Introduction to Bayesian statistics, part 1: The basic concepts
In this blog post, I’d like to give you a relatively nontechnical introduction to Bayesian statistics. The Bayesian approach to statistics has become increasingly popular, and you can fit Bayesian models using the bayesmh command in Stata. This blog entry will provide a brief introduction to the concepts and jargon of Bayesian statistics and the bayesmh syntax. In my next post, I will introduce the basics of Markov chain Monte Carlo (MCMC) using the Metropolis–Hastings algorithm.
Bayesian statistics by example
Many of us were trained using a frequentist approach to statistics where parameters are treated as fixed but unknown quantities. We can estimate these parameters using samples from a population, but different samples give us different estimates. The distribution of these different estimates is called the sampling distribution, and it quantifies the uncertainty of our estimate. But the parameter itself is still considered fixed.

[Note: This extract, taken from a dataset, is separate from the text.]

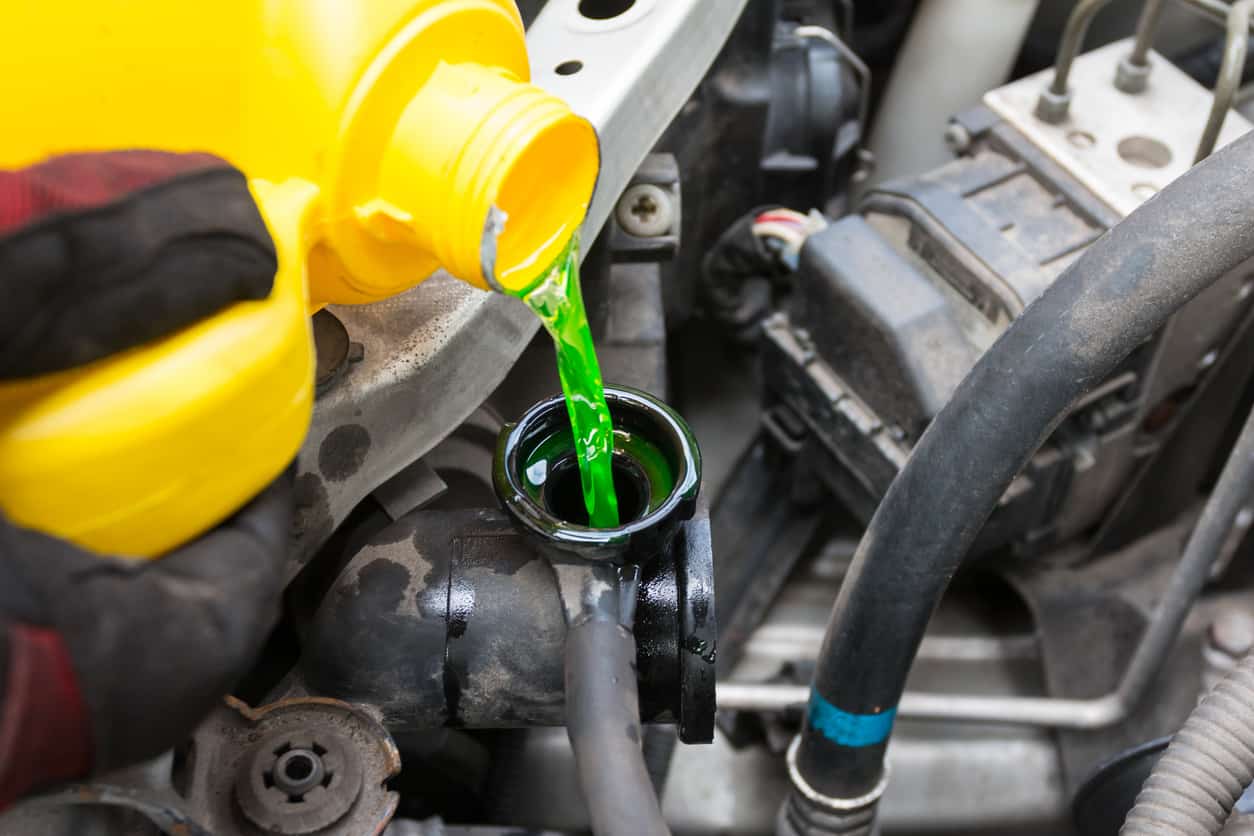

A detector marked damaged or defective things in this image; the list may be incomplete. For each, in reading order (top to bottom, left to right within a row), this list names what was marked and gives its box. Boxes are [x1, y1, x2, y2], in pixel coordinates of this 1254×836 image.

rusty metal part [178, 696, 396, 832]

The Bayesian approach is a different way of thinking about statistics. Parameters are treated as random variables that can be described with probability distributions. We don’t even need data to describe the distribution of a parameter—probability is simply our degree of belief.
Let’s work through a coin toss example to develop our intuition. I will refer to the two sides of the coin as “heads” and “tails”. If I toss the coin in the air, it must land on either the “heads” side or the “tails” side, and I will use \(\theta\) to denote the probability that the coin lands with the “heads” side facing up.
Prior distributions
The first step in our Bayesian example is to define a prior distribution for \(\theta\). A prior distribution is a mathematical expression of our belief about the distribution of the parameter. The prior distribution can be based on our experience or assumptions about the parameter, or it could be a simple guess. For example, I could use a uniform distribution to express my belief that the probability of “heads” could be anywhere between zero and one with equal probability. Figure 1 shows a beta distribution with parameters one and one that is equivalent to a uniform distribution on the interval zero to one.

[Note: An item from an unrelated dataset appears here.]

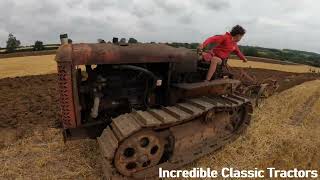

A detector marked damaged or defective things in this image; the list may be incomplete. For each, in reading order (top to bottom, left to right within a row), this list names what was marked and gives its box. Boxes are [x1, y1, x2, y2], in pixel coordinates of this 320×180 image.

rusty tractor body [55, 42, 251, 179]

Figure 1: Uninformative Beta(1,1) Prior
My beta(1,1) distribution is called an uninformative prior because all values of the parameter have equal probability.
Common sense would suggest that the probability of heads is closer to 0.5, and I could express this belief mathematically by increasing the parameters of my beta distribution. Figure 2 shows a beta distribution with parameters 30 and 30.
Figure 2: Informative Beta(30,30) Prior
Figure 2 is called an informative prior because all values of the parameter do not have equal probability.
Likelihood functions
The second step in our Bayesian example is to collect data and define a likelihood function. Let’s say that I toss the coin 10 times and observe 4 heads. I then enter my results in Stata so that I can use the data later.
clear input heads 0 0 1 0 0 1 1 0 0 1 end
Next, I need to specify a likelihood function for my data. Probability distributions quantify the probability of the data for a given parameter value (that is, \(P(y|\theta)\)), whereas a likelihood function quantifies the likelihood of a parameter value given the data (that is, \(L(\theta|y)\)). The functional form is the same for both, and the notation is often used interchangeably (that is, \(P(y|\theta) = L(\theta|y)\)).
The binomial probability distribution is often used to quantify the probability of the number of successes out of a fixed number of trials. Here I can quantify the results of my experiment using a binomial likelihood function that quantifies the likelihood of \(\theta\) given 4 heads out of 10 tosses.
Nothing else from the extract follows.